Key Idea: A stationary point is where the gradient equals zero — the curve momentarily flattens out. It could be a local maximum (peak), a local minimum (trough), or a point of inflection (S-curve). Topic 5.6 is about finding these points, classifying them, and determining the intervals where the function is increasing or decreasing.
✅ Finding and classifying stationary points
Example: f(x) = x³ − 6x² + 9x + 1 f'(x) = 3x² − 12x + 9 = 3(x−1)(x−3) Stationary points: x = 1 and x = 3. f(1) = 1 − 6 + 9 + 1 = 5 → point (1, 5) f(3) = 27 − 54 + 27 + 1 = 1 → point (3, 1) f''(x) = 6x − 12. f''(1) = −6 < 0 → (1, 5) is a local maximum f''(3) = 6 > 0 → (3, 1) is a local minimum Increasing: x < 1 and x > 3 (f'(x) > 0 in those intervals) Decreasing: 1 < x < 3 (f'(x) < 0)

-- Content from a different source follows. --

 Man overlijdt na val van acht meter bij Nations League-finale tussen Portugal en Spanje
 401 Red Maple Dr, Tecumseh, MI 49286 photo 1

f''(x) = 0 is inconclusive — it does NOT prove a point of inflection. Use a sign chart on f'(x) to check whether the gradient actually changes sign around that x. For increasing/decreasing: solve f'(x) > 0 and f'(x) < 0 as inequalities, or sketch f'(x) and read off where it is above/below the x-axis.
Paper 1 (GDC allowed): Show f'(x) = 0 → factorisation → x values → y values → f''(x) classification. Each step is a marking point. Paper 2 (GDC allowed): Use GDC 'minimum' and 'maximum' functions to verify coordinates. But still show the differentiation and second derivative test in your written working.
IB-style question [7 marks]
The function f is defined by f(x) = 2x³ − 3x² − 12x + 5. (a) Find f′(x). (b) Find the coordinates of the stationary points of f. (c) Classify each stationary point as a local maximum or a local minimum.
Step by step:
(a) Differentiate term by term.
(b) Set f′(x) = 0 and factorise to find the stationary x-values.
Find the y-coordinates by substituting back into f.
(c) Graph y = f(x) on the GDC: the left stationary point is a peak, the right one is a valley.
Final answer:
(a) f′(x) = 6x² − 6x − 12. (b) (−1, 12) and (2, −15). (c) (−1, 12) is a local maximum; (2, −15) is a local minimum.